Electoral Commission of Namibia

Commission overview
- Formed: 1992
- Jurisdiction: Government of Namibia
- Headquarters: Windhoek, Khomas Region, Namibia
- Commission executives: Notemba Tjipueja, Chairperson; Theo Mujoro, Chief Electoral and Referenda Officer;
- Key documents: Constitution of Namibia, article 94B; Electoral Act 24 of 1992;

= Electoral Commission of Namibia =

Government agency in Namibia

The Electoral Commission of Namibia (ECN) is an agency of the government of Namibia. It was founded in 1992 under the Electoral Act 24 of 1992. The aim of the commission is to oversee all Namibian electoral activities starting from voter registration and political party registration, to the setting and monitoring of elections, counting of ballots and making results available.

The ECN is composed of a chairperson and four commissioners.
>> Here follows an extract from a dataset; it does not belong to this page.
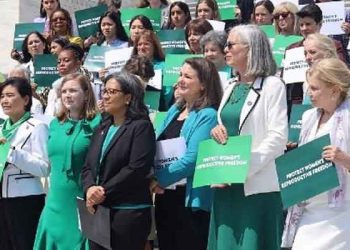 ABD’deki ‘kürtaj’ protestosunda 17 kongre üyesine gözaltı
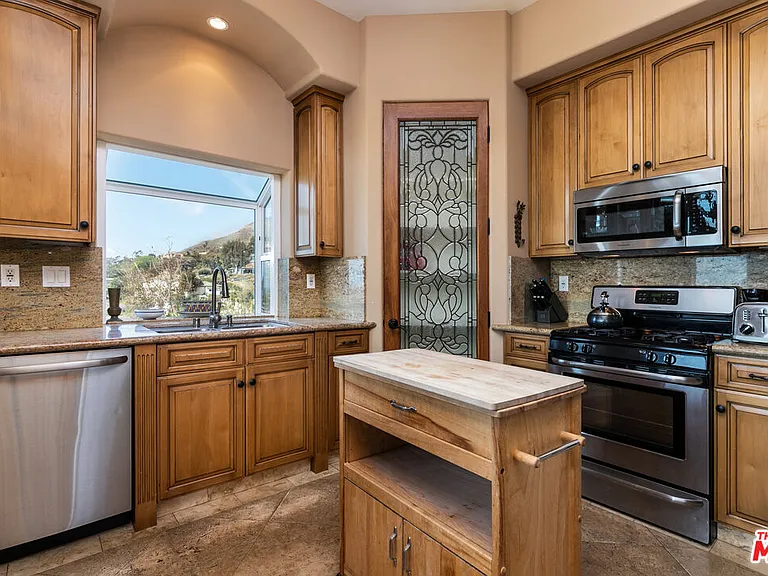 31280 Bailard Rd — Photo 28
Candidates are shortlisted by a committee consisting of the Chief Justice, a lawyer suggested by the Law Society and a representative from the Office of the Ombudsman. The president of Namibia then appoints the ECN from this shortlist for a five-year term.

The current Chief Electoral and Referenda Officer (CERO) is Petrus Shaama since September 2023. He replaced Theo Mujoro who had served since September 2018. The chairperson of ECN is Dr. Elsie Tuleingepo Nghikembua since September 2021.